How building capabilities for repeated M&A can increase shareholder value.
Michael Bier is a director in the Strategic Change section of PwC Consulting’s Energy Industry practice. He has over 20 years of diverse consulting experience working for utilities, other energy companies and clients in many other industries, in strategic M&A, market assessment and entry strategies, corporate transformation and cultural change, and CRM. Mark Ciolek is a partner in the Strategic Change section of PwC Consulting’s Energy Industry practice. He has been a consultant to the utility industry for more than 15 years and is a leader in PwC Consulting’s Strategic Mergers and Acquisition practice. Ciolek is actively involved as an advisor to several US and European energy companies pursuing aggressive M&A activity on a global basis.
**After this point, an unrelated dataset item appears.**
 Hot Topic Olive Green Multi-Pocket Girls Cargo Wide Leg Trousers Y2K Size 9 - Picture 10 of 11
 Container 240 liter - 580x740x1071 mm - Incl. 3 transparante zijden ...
Despite significant recent upheavals, the energy industry's long-term consolidation is likely to continue. Many companies appear to be moving towards, or have announced, consolidation strategies in their preferred areas of the industry. (see Table 1)
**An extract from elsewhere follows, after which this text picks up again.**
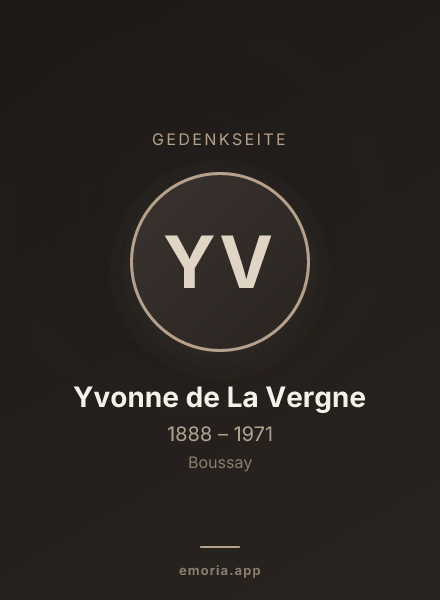 Gedenkportrait von Yvonne de La Vergne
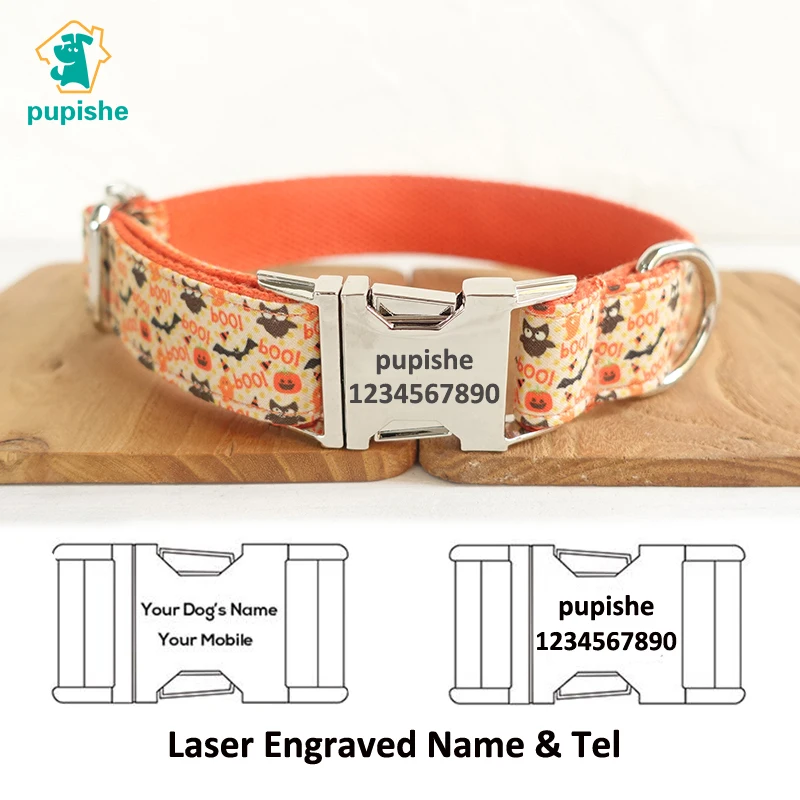 PUPISHE Halloween Dog Collars Orange Personalized Pet Collar Unique Dog Gift Festival Adjustable Small to Large Dog Necklace XL
PUPISHE Halloween Dog Collars Orange Personalized Pet Collar Unique Dog Gift Festival Adjustable Small to Large Dog Necklace XL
Nonetheless, PwC Consulting's analysis shows that, as in most other industries, few energy acquisitions in the last few years have created above average value. Why? It appears that Wall Street has perceived some deals from the start as not creating value, because of insufficient or unclear strategic rationales, and/or because the Street did not believe that the companies could or did execute those deals well. In PwC Consulting's analysis of 50 recent M&A transactions, 30 were in this category, including NiSource's acquisitions of both Bay States and Columbia. The Street saw 11 other transactions initially in a positive light, but found that implementation was more problematic than expected-for example, although post-announcement share prices performed better than the S&P utility index, National Grid's NEES and EUA deal ultimately led to share price performance below the index, perhaps due to difficulties meeting merger synergy expectations. Only nine transactions have been seen as value-creating from two weeks before deal announcement, through a year after announcement. The market is tough on M&A transactions; expectations, once set, need to be met.